Yehezkel Ben-Ari, biologiste et neurophysiologiste spécialiste des processus de maturation cérébrale, fait constamment progresser les connaissances sur les maladies neurologiques, les épilepsies, notamment infantiles, l’autisme, les conséquences des accidents vasculaires cérébraux. 

Maturation cérébrale

Dans le domaine de la maturation cérébrale, dès la fin des années 1980, Yehezkel Ben-Ari et ses collaborateurs ont découvert des règles fondamentales validées chez toutes les espèces animales et pour les structures cérébrales étudiées. Ils mettent ainsi en évidence que les neurones immatures ont, à un stade précoce de leur développement, une concentration plus élevée en chlore intracellulaire. 

Cela a pour conséquence que l’acide gamma-aminobutyrique (GABA), dont l’action est transmise par des flux de chlore, excite les neurones immatures, alors qu’il inhibe ceux des adultes.Or le GABA est le principal transmetteur de l’inhibition cérébrale et la cible de très nombreuses molécules anti-épileptiques, anxiolytiques et anesthésiantes, telles les benzodiazépines. Ainsi, ces agents consommés par une femme enceinte auront des effets opposés sur les neurones de la mère et de l’embryon, ce qui a d’importantes implications cliniques. 

Ils ont ensuite mis en évidence que, peu avant l’accouchement, les hormones libérées par la mère préparent le fœtus à la naissance, en réduisant justement le chlore intracellulaire, ce qui entraîne une baisse de l’activité neuronale et une sorte d’anesthésie. Cela augmente ainsi la résistance des neurones aux accidents liés à l’accouchement et, notamment, aux épisodes anoxiques (manque d’oxygène) et traumatiques, avec des implications notamment en cas de naissances prématurées. De plus, des travaux récents montrent que des lésions cérébrales et des épilepsies s’accompagnent d’un retour à la situation immature, la réponse du cerveau aux agressions étant de revenir à un stade immature en accumulant du chlore dans les neurones.
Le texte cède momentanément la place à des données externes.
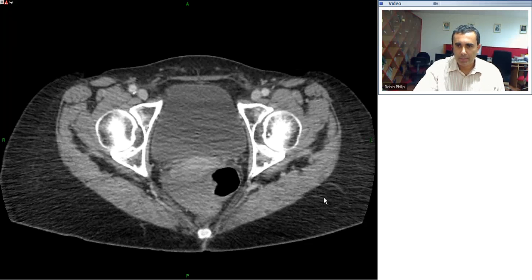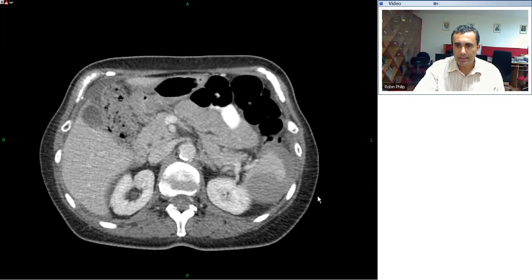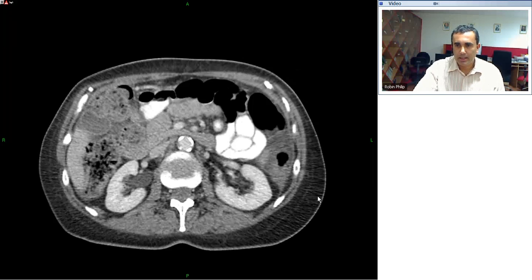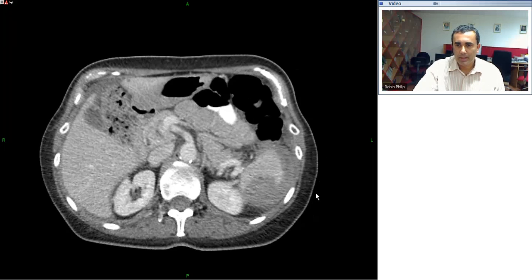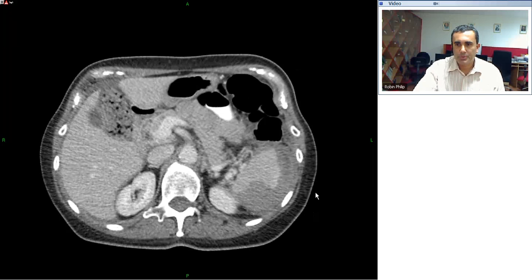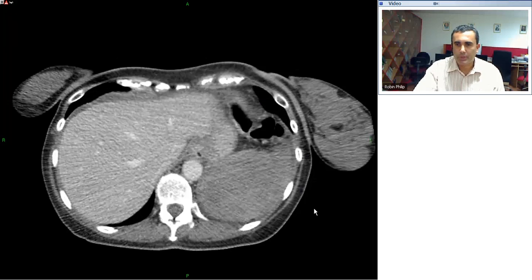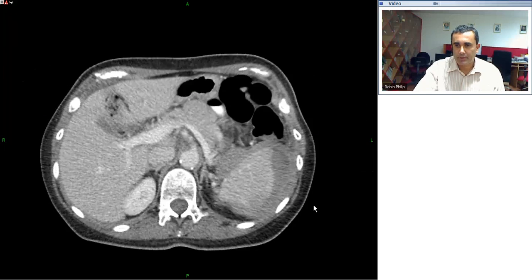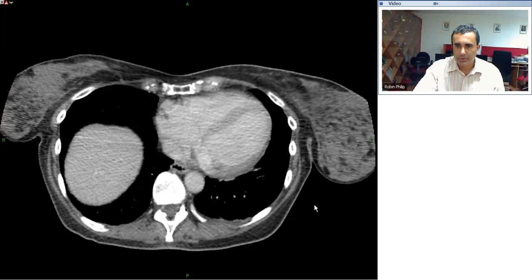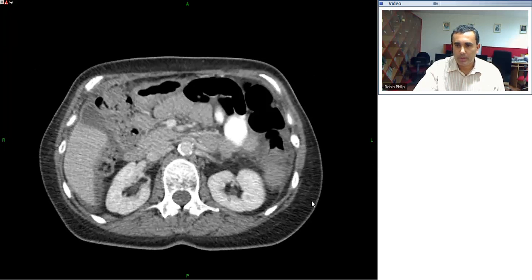This is a complication of colonoscopy that is described in the literature. It is believed to be a result of the fact that the splenocolic ligament forms a point of continuity between the spleen and the colon, and predisposes the spleen to injury at the time of the scope negotiating the splenic flexure of the colon. Something to look out for in a patient who presents following colonoscopy with left upper quadrant pain.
De ce fait, de nombreuses approches thérapeutiques sont ciblées sur cette propriété. 

Ils réalisent également les premiers enregistrements de neurones centraux chez des primates in utero. Ils découvrent les premiers « patrons » de décharge des réseaux neuronaux, apportant un schéma général de la séquence de maturation de l’activité neuronale. Des travaux parallèles permettent de démontrer qu’au cours de la maturation, les informations en provenance de la périphérie (notamment de la rétine et de la moelle épinière) fournissent une modulation importante des cartes corticales. L’ensemble de ces découvertes offre un concept général, qui permet de comprendre comment des cellules vont s’assembler pour créer des réseaux de neurones fonctionnels et comment l’activité électrique et l’environnement façonnent ce processus. 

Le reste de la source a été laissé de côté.